Introduction
If you're reading this, you may have a feeling that something is wrong with the ABA your child is receiving, or you may be evaluating a provider before starting therapy. Either way, this is the kind of article where surface-level reassurance fails the reader. So this piece is going to be more specific than typical "watch for red flags" content. It will name specific practices, specific language, specific patterns that indicate harm, and it will apply those same standards to us at Steady Strides as much as anyone else.

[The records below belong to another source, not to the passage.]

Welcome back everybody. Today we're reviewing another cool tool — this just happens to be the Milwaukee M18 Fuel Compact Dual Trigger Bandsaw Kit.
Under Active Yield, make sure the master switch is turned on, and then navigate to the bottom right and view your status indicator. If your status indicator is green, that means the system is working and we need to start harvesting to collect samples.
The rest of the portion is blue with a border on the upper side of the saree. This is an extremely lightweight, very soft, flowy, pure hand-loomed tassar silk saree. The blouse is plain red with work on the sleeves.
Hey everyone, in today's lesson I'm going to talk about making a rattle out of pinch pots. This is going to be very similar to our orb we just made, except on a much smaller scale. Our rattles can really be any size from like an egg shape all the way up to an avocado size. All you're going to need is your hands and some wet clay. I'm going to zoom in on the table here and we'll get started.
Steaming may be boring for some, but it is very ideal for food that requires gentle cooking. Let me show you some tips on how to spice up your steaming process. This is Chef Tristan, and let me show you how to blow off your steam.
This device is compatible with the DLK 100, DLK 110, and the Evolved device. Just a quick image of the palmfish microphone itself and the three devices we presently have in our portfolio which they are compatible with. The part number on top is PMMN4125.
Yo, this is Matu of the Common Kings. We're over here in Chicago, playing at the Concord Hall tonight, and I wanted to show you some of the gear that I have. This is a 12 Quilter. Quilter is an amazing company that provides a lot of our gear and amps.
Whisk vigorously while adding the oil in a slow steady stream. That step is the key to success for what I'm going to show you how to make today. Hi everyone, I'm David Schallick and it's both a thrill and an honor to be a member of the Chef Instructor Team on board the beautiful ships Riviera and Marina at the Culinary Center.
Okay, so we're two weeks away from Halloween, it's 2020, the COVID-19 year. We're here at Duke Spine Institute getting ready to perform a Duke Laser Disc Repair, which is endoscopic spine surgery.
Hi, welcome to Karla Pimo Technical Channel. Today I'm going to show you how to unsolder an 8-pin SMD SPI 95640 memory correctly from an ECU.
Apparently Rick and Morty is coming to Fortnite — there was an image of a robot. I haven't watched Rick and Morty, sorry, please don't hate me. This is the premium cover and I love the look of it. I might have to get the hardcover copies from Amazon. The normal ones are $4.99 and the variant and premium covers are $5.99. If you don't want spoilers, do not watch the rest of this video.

Before going further, a quick note: not every ABA provider does harmful work, and not every concerning practice indicates an unethical practitioner. But there are specific things that, when you see them, should prompt a serious conversation with the provider, and sometimes the answer is to find a different provider. Knowing what to look for is genuinely important.
Specific Practices That Indicate Harm
These aren't subtle judgment calls. There are things that, if you observe them, are concrete causes for concern.
Aversive Techniques (in any form)
Modern ethical ABA prohibits punishment-based procedures except in extreme circumstances with significant oversight. But aversives can show up in subtle forms beyond the obvious:
- Withholding food, water, bathroom access, or basic needs until the child complies with a demand. This is genuinely harmful and is prohibited under modern ethics codes.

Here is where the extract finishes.